Two Years Out

April 11, 2019

 

Hiba Elbuluk, Class of 2017

Hiba Elbuluk, a member of the Class of 2017, reflects on her unexpected career change just a year after graduation, the importance of self-care and navigating the transition from college to career.  

Describe your professional and personal journey since graduating from Princeton.

I started at Goldman Sachs straight out of college having done both my summers at the firm and serving as the head student ambassador for Goldman Sachs on campus. However, after a year full-time, I realized a career in trading was not exactly what I was looking for, and I didn't want to build my career in the financial services industry. 

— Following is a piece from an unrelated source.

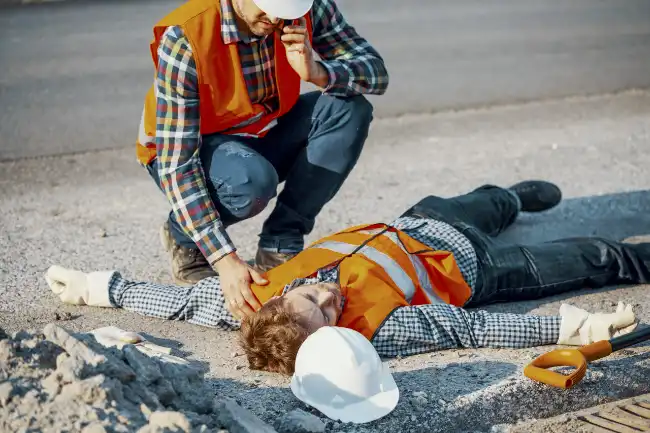 Trabajador lesionado en un sitio de construcción recibiendo ayuda tras un accidente fatal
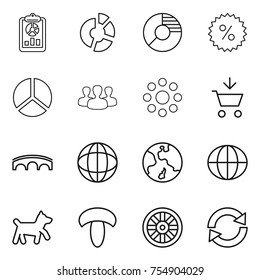 thin line icon set : report, circle diagram, percent, group, round around, add to cart, bridge, globe, earth, dog, mushroom, wheel, reload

As I looked to leverage my architecture degree, I came across the field of product management. I started searching for opportunities to enter the product field. I found a seed stage startup called Squad that had an opening for a product-adjacent role that could provide me with a foundation. 

I spent eight months at Squad, but unfortunately, at the seed stage, the company was susceptible to many organizational changes and market strategy changes that left me without a product team and the description of my role was changing away from product. Subsequently, I resigned from Squad a few weeks ago in an effort to exert my energy into finding the right product role at a more mature company (Series B or later) and within the consumer retail space.

What or who helped you the most after graduation?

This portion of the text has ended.